Your task: Where does the string "chatting" appear in the records? Copy each line that holds it.

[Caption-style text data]

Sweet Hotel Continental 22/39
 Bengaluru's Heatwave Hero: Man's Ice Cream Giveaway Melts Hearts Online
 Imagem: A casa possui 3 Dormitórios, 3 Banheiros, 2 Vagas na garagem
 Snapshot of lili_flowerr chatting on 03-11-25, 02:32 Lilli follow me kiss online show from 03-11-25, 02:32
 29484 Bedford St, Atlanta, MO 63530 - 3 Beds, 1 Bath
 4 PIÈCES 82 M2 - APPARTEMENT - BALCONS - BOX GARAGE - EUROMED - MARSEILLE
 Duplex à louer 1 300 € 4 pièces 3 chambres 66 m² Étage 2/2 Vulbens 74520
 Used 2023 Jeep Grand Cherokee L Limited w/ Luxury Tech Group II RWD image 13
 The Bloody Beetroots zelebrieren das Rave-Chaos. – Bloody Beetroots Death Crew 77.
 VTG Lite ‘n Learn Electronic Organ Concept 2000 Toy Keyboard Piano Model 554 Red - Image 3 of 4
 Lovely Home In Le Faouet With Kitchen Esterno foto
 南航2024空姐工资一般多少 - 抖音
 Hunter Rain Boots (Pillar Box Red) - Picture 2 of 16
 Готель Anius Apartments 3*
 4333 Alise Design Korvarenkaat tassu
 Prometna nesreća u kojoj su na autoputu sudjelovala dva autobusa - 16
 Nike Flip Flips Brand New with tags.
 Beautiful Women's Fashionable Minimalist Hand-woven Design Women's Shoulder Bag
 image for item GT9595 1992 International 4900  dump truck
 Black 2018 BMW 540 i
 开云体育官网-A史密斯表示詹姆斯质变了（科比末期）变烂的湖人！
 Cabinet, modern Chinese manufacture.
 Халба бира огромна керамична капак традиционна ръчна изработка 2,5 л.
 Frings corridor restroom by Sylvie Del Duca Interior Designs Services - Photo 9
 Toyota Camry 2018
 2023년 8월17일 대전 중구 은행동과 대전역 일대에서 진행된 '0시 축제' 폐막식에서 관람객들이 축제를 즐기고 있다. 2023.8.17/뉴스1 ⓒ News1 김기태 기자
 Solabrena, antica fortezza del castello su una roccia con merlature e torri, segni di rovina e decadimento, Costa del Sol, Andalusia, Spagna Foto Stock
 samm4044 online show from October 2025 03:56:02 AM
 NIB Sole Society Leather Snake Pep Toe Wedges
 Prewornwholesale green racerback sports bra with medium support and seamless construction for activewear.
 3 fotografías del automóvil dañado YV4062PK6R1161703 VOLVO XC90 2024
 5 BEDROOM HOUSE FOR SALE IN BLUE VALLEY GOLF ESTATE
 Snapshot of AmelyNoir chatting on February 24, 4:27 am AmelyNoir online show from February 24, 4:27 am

Problem solution:
 Snapshot of lili_flowerr chatting on 03-11-25, 02:32 Lilli follow me kiss online show from 03-11-25, 02:32
 Snapshot of AmelyNoir chatting on February 24, 4:27 am AmelyNoir online show from February 24, 4:27 am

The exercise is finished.